Starting at the line that holds "Used 2023 Nissan Rogue S FWD image 7", transcribe every line to the end of the data exactly; include no other lines.
*** Source data ***
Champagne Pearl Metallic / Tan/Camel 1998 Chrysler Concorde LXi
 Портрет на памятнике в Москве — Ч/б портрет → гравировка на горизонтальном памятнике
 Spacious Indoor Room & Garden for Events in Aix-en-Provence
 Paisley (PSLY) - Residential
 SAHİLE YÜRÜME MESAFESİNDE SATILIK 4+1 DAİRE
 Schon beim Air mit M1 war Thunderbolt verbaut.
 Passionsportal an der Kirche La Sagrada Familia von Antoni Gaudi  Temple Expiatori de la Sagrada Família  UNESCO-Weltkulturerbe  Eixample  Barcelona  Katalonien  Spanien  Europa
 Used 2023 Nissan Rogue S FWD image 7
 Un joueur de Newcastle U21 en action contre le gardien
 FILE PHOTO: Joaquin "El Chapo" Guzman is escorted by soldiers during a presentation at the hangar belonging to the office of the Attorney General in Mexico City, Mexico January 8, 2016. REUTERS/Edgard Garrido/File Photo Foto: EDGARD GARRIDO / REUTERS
*** End of Source data ***
> _Solution to the problem_
 Used 2023 Nissan Rogue S FWD image 7
 Un joueur de Newcastle U21 en action contre le gardien
 FILE PHOTO: Joaquin "El Chapo" Guzman is escorted by soldiers during a presentation at the hangar belonging to the office of the Attorney General in Mexico City, Mexico January 8, 2016. REUTERS/Edgard Garrido/File Photo Foto: EDGARD GARRIDO / REUTERS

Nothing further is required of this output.